CHINO, CALIF. — There's no doubt that Ball Corp.'s move into PET container manufacturing is proceeding at a rapid clip.
Ball's first PET plant, in the Southern California suburb of Chino, came on line in October 1995, a scant six months after the company announced its entry into the business with a long-term agreement to supply PET bottles to Pepsi-Cola Co.'s California business unit.
With 10 Husky injection molding systems, seven Sidel blow molders, and state-of-the-art on-line video inspection systems from Pressco/IIS, the Chino facility is the company's showcase.
``Our expectation is that this will be the premier PET [bottle] plant in the world in one year,'' said the Chino plant's process engineer, Alex Hernandez.
Hernandez is responsible for many of the systems that will manufacture 700 million containers during the next year.
An important tool at Hernandez's disposal is an on-line video inspection system from Pressco/IIS (Booth N5091), which has been providing automated image-based inspection systems for the plastics industry for the past 10 years. Acquired in May 1996 by Ohio-based Pressco Technology Inc., a supplier of on-line sensing equipment for metal containers, IIS recently relocated to Pressco's ISO 9001-registered facility in Cleveland.

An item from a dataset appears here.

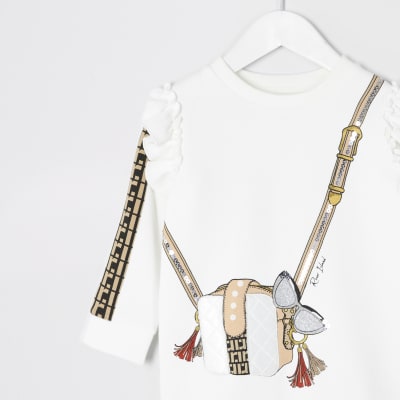 girls cream sweater dress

Every PET bottle Ball makes passes through a four-point inspection process that checks base, neck, seal, and finish integrity. Installed inside the Sidel units, the systems are integrated into the blow molders to eliminate additional material handling. They easily keep pace with production speeds of 500 bottles per minute.
Catching a bottle that might leak all over a packing case — or even worse, on a consumer's best suit — before shipping eliminates a major source of customer complaints. The vision systems also enable Ball to head off production problems. Not only do the inspection modules detect defects, they also correlate them back to the specific blow molder component (cavity, spindle, and transfer arms) that produced the bottle. Trouble spots are quickly pinpointed to avoid costly errors.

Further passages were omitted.